Tüm dünyada pandeminin olumsuz tesirleri devam ediyor… Bu durum bilhassa takip ve tedavileri devam etmesi gereken kanser hastalarının virüs kapma dehşetiyle denetimlerini ertelemesine yol açabiliyor. İşte Prof. Dr. Sezer Sağlam’dan hastalar için yol haritası…
Prof. Dr. Sağlam kemoterapinin ertelenmemesi gerektiğini söyledi.
Unsur husus teklifler
- Sistemsiz ve az uyku uyumak bağışıklık hücresi olan lenfosit ve nötrofil sayımızı dediğimiz beyaz kan hücre sayısını olumsuz tesirler. Bu hücrelerin kanda en üst düzeyde olduğu vakit dilimi saat 21:00 ile 03:00 ortası olmaktadır.

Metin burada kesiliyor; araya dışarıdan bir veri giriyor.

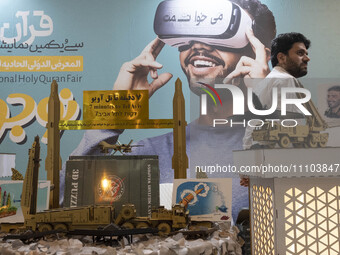3D models of Iranian missiles and a drone are being placed under an anti-Israeli placard in the Imam Khomeini Grand Mosque during the 31st e...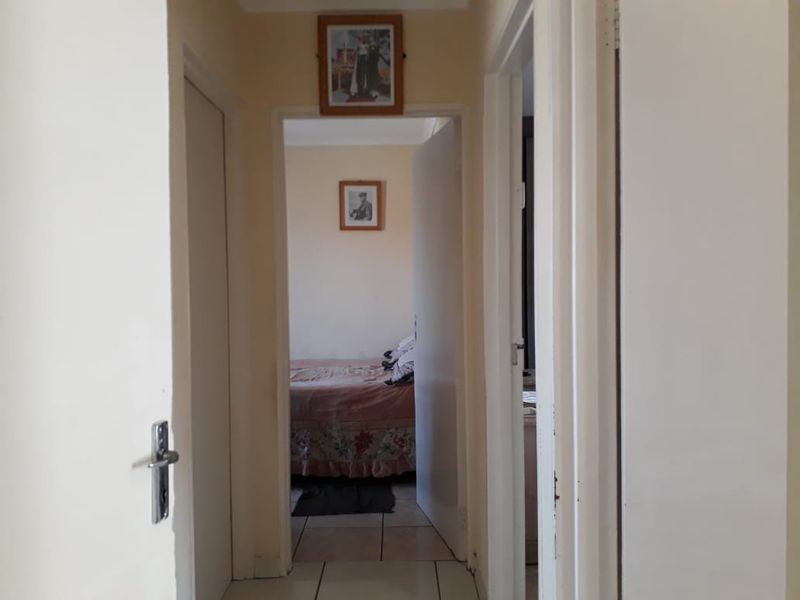 A functional residential hallway with tiled flooring providing access to adjacent bedrooms and living areas.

Bu nedenle bu aralıklarda dinlenmeli, kaliteli uyku için uğraş gösterilmelidir.
- Toz şekerli eserlerin çok alınması (burada bahsettiğim karbonhidrat değil) bağışıklık sistemini olumsuz tesirler.
- Çok alkol tüketimi yeniden bağışıklık sistemini bozmaktadır, azaltmak uygun olacaktır.
- Sigara içiminin sonlandırılması bağışıklık sistemini olumlu etkilemektedir.
- Çok fazla kafein tüketimi önerilmemektedir. Nedeni ise gerilim hormonlarını (kortizon) arttırmasından kaynaklı bağışıklığı düşürmektedir.
- Çok fazla doğmuş yağ tüketen içeren abur cuburlar azaltılmalıdır.
- Yetersiz su tüketimi bağışıklığı azaltmakta, teneffüs yollarında bizi koruyan ,balgamın süratli atılmasını sağlayan kirpiksi aktiviteyi azaltmaktadır. Erkeklerde kg/başına 30 ml; bayanlarda kg/başına 25 ml su, günlük tüketilmesi uygundur.
- Hareketsiz hayattan uzak durulmalıdır.
- Çok antrenman ve spor adrenalin ve kortizol salgılaması nedeniyle bağışıklık sistemini olumsuz tesirler.
- Çok az olan toplumsal aktivite, yalnızlık da bağışıklık sistemini olumsuz tesirler.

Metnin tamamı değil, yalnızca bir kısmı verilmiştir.